After reading the articles by Ahn and Nicholson I gained a new take on what significance food has in our lives. Before the articles, I viewed food as something everyone needed to sustain their lives with. It was used as a means of energy, which would put it high on the scale of significance because it’s something that is daily necessity. After reading the two articles I not only kept this view but was also realized that food has a large part in your memories. Whether it’s the food that your English or Korean parents always ate or just something you can associate with a member of your family, food links different people, places, and events. Certain foods can hold more significance because you can associate them with someone or something that you value. The remained of this short essay will explain the foods I find significant and what memory I associate them with.

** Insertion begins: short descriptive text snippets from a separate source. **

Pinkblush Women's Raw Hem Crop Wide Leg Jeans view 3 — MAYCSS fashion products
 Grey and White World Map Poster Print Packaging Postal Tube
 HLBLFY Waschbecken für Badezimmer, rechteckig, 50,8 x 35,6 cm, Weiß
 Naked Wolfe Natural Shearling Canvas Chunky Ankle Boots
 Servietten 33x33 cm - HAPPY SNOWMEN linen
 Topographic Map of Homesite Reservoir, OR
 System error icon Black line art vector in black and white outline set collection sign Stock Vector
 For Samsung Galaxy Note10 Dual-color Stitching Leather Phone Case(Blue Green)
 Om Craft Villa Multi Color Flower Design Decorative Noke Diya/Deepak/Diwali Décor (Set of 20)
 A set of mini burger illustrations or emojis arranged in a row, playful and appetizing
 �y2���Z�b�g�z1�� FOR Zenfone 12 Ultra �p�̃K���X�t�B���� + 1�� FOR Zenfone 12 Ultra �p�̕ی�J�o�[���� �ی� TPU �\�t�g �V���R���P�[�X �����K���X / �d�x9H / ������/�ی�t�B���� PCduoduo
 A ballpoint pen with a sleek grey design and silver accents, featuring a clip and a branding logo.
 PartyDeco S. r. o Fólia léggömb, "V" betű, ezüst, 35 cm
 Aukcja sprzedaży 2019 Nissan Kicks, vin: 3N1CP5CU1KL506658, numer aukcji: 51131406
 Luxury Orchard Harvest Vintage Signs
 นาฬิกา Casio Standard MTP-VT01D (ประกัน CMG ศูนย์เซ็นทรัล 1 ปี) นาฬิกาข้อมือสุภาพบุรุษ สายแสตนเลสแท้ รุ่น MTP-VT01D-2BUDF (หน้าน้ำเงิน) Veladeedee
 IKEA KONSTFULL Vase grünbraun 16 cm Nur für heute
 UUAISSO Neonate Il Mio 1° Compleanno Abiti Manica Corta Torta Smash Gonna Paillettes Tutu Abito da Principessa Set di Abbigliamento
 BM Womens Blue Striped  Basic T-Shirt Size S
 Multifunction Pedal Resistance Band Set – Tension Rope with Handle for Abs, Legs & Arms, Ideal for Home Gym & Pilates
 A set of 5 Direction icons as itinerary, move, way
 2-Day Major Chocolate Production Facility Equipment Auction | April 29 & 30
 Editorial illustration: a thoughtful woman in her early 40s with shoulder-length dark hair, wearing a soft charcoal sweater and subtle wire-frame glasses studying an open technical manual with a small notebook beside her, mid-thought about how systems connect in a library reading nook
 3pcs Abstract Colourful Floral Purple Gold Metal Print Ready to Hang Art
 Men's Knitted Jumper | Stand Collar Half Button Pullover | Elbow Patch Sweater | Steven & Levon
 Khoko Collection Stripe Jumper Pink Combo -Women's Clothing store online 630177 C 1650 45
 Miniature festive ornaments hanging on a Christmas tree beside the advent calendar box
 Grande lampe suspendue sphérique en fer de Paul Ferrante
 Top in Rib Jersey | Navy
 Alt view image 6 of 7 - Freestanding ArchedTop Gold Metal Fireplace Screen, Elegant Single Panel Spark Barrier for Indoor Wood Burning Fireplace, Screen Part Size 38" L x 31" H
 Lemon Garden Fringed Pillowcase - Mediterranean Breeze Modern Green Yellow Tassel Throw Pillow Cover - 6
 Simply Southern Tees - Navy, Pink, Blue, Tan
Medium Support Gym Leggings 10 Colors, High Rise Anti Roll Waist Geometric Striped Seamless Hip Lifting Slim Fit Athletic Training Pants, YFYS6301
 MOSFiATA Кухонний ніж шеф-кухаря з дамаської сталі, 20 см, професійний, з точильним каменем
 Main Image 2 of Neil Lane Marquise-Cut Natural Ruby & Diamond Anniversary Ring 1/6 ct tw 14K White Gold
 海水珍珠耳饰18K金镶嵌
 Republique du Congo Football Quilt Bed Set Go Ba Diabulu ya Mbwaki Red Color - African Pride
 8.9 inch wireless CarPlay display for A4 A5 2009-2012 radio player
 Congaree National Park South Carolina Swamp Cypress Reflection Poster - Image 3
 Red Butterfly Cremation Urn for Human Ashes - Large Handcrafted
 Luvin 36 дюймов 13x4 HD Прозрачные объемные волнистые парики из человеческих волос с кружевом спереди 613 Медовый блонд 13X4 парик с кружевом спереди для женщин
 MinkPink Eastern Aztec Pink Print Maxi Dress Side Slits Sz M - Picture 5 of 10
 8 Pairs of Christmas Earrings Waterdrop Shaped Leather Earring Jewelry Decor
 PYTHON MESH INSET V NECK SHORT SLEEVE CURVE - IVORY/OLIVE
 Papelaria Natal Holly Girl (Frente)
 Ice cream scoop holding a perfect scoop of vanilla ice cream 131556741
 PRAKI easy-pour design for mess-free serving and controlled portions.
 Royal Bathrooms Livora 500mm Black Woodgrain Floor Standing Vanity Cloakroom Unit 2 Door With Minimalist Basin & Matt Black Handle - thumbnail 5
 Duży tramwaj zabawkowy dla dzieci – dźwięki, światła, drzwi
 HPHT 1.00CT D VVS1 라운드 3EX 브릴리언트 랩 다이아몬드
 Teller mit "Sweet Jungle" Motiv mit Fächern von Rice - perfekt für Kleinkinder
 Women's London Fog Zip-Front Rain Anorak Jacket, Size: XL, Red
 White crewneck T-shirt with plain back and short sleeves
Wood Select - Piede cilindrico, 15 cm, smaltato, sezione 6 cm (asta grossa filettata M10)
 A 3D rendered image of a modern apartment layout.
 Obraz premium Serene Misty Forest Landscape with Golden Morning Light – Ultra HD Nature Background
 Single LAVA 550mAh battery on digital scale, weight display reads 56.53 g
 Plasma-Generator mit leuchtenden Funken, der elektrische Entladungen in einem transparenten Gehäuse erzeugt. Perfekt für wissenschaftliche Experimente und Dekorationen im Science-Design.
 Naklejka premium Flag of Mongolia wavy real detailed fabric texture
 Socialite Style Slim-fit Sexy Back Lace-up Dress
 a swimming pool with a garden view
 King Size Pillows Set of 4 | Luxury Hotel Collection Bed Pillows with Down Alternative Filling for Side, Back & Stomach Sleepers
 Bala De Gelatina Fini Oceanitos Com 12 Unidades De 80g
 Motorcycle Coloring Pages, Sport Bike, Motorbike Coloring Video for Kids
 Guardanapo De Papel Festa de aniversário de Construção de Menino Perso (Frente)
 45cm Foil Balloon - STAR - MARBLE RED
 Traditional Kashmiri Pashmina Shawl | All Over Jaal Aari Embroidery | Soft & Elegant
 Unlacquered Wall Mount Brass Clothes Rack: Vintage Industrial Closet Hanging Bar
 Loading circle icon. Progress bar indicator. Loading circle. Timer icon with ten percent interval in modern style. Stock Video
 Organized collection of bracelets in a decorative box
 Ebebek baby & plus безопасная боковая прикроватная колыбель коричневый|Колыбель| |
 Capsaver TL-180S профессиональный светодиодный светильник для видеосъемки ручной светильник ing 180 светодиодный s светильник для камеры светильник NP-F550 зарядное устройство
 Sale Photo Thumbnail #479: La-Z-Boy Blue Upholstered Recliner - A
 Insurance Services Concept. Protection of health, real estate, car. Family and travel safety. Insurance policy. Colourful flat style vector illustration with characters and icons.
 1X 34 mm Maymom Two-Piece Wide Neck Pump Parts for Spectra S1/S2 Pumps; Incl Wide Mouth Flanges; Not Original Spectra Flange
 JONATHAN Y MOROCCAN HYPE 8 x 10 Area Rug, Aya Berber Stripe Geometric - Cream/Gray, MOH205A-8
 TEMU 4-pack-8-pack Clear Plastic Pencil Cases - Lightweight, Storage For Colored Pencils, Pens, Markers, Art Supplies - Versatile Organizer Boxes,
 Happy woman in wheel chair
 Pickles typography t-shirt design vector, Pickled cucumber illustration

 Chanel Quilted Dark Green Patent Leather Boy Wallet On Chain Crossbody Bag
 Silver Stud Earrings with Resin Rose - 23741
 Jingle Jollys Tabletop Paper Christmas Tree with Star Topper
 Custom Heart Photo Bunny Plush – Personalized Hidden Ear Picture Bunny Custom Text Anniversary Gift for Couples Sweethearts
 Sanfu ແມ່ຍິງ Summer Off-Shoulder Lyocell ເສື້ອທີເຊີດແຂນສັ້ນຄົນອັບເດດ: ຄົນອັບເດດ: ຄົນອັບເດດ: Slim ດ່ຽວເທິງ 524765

I have to start with a personal favorite, and a favorite that everyone on my mom’s side of the family seems to love. My grandpa was born in Georgia and since I was little he's raised us eating Brunswick stew. Around the time I was nine years old I had my first bowl, and at first it was too spicy for my taste. I only struggled through small amounts because I didn’t want my cousins to notice I wasn’t having any. As I aged and began to enjoy the heat that came along with the stew I began to associate the stew with my grandpa. When he died, we had Brunswick stew and Gazpacho at his Shiva because those were two of his favorite foods. Every time I'm at a family occasion on my mom’s side, there is usually a container of Brunswick stew that has been thawed out and made with dinner.
There are two places for every event that was help there, I would say 95% of the time we had the same two meals at each of the houses. I can associate a big tray of deli meat along with usually two types of salad one being either pasta or potato and the other being lettuce and a bowl of potato chips to my Uncle Bruce and Aunt Joy’s house. Technically Bruce is my mom’s cousin, but we all just call him and his wife aunt and uncle. And two large casserole pans with a regular and barbeque brisket along with a bowl of fruit and usually some sort of cake for desert at my Grandma Barbara’s. No matter what the occasion was, the meals consisted of that. On birthdays, Hanukkah, and after Passover ended there was the same meal at each of my respected relatives houses. Eventually we all got sick of the same meal, but no one said anything, it was the time we were spending with each other that everyone cared about so the meal of cold cuts and chips became bearable for all of us. That is why I hold a tray of mediocre cold cuts and brisket, cooked the Jewish way in the oven, significant in my memory, because of all the fun family events that took place at each of those dinners.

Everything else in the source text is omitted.